I don’t know how often you have a bath, and for what purpose. I have a bath about twice a year, not to wash my body—I do that in the shower, and also have a basin in my bedroom—but as an act of self care, running the bath as deep and as hot as possible, and soaking in it.

In the Instructions of Moses, we find that there are certain states of being that cause a person to be ritually impure, and that their restoration to the wider community requires a ritual bath.

Being ritually impure has nothing to do with moral wrongdoing. It is, rather, a codified way of engaging with the reality of death. Certain states of being are, psychologically, rehearsals for death, including ejaculation and menstruation—not because these things are ‘dirty,’ or even shameful, but because in both instances, the person loses mastery of their bodily life-fluids. Contact with a corpse, and being a corpse, also result in ritual impurity. Ritual washing marks the restoration of purity, symbolising the limit to which death cuts us off from life.

Dying made a person ritually impure; but the community handled the corpse in such ways as to make the person ritually pure again, ready to meet their Maker. In Jewish tradition to this day, this begins with gently washing the body, removing anything that is not a natural part, such as jewellery or nail varnish, while saying certain prayers and psalms and other passages of Scripture (holy writing). Then the body is fully washed, either by submerging it in a mikvah (ritual bath) or by pouring a large amount of water (the equivalent of 48 pints) over the corpse. Finally, the body is dressed in linen, ready to return to the earth from which it came.

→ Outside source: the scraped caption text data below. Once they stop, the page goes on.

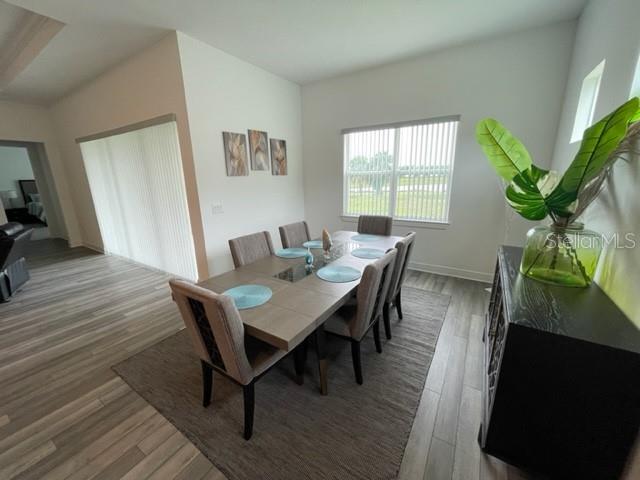 5936 Southwest 90th Court Road Ocala, FL 34481 - Photo 11 of 28 a view of a dining room with furniture window and wooden floor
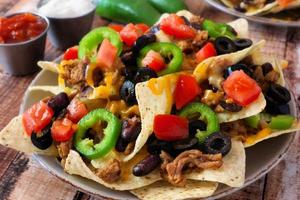 Plate of spicy fully loaded Mexican nachos photo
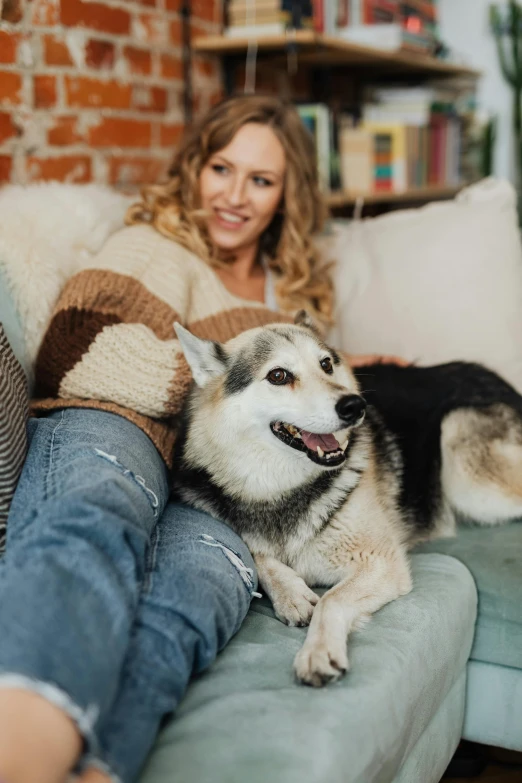 a woman is sitting on a couch with a large dog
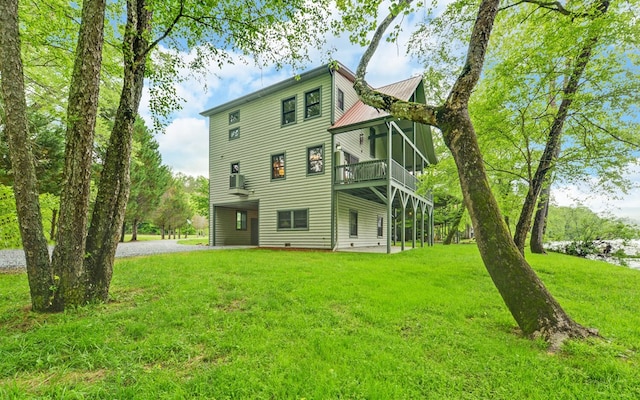 rear view of house with a lawn, a wooden deck, metal roof, and gravel driveway
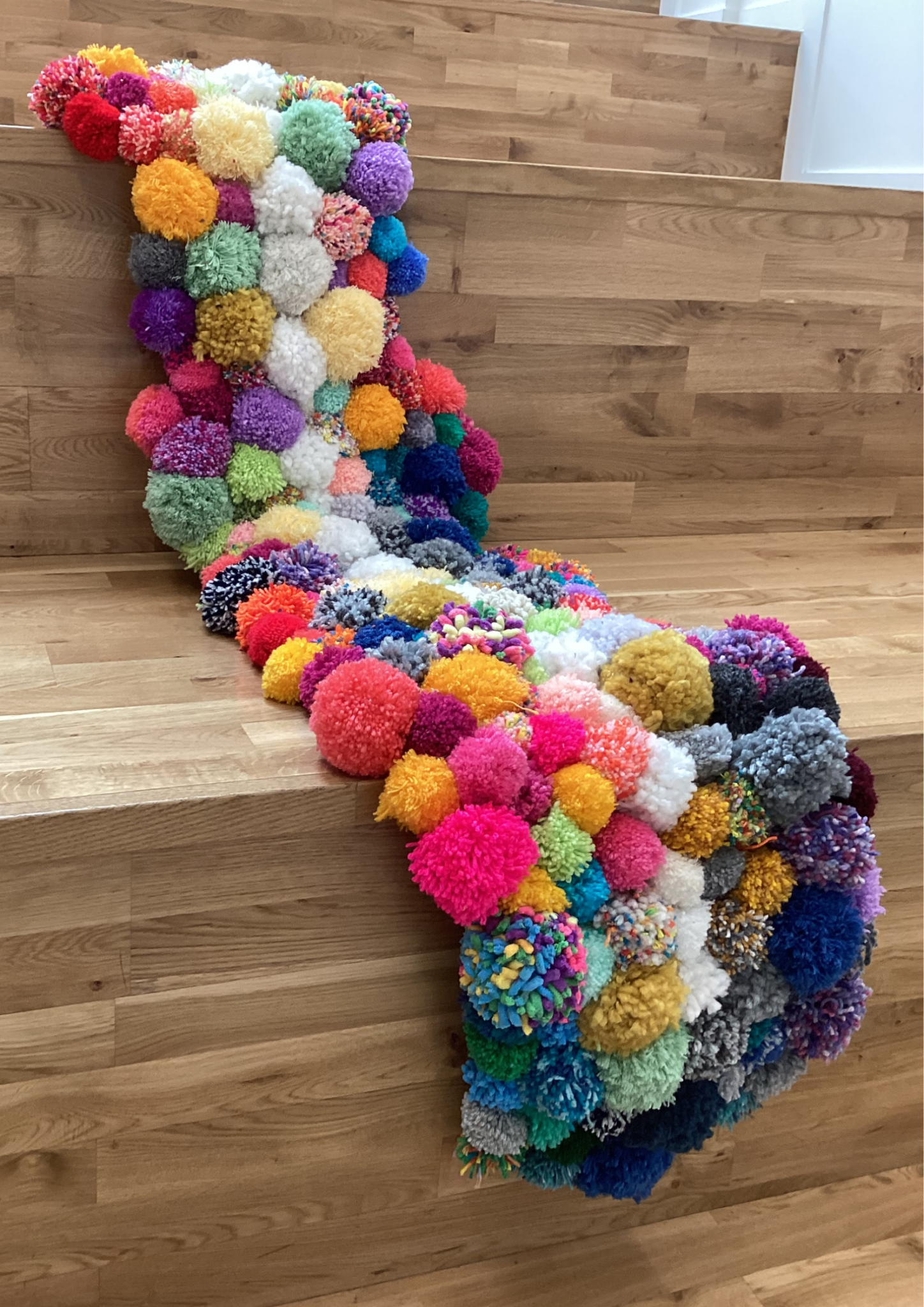 Textile. 24 cream coloured pom poms to represent the 24 vertebrae in adult human. 220 unique patterned colour pom poms to represent the 220,000 people in the UK with Ankylosing Spondilitis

We should not assume that contemporary Jewish tradition is the same as first-century Common Era Judaism; but neither are they unrelated.

When Jesus says that Peter has had a bath—in fact, not washed himself but that he has been washed—he is referring to the washing of a body after death. Though this is not described, in relation to Jesus’ blood-streaked corpse, in the Gospels, it is implied. This practice is mentioned by the church historian Luke in his Acts of the Apostles, where he notes that the deceased Dorcas is washed by the women of her community, and also that Paul and Silas have their bloodied backs washed by the jailer in Philippi immediately before he himself is baptised.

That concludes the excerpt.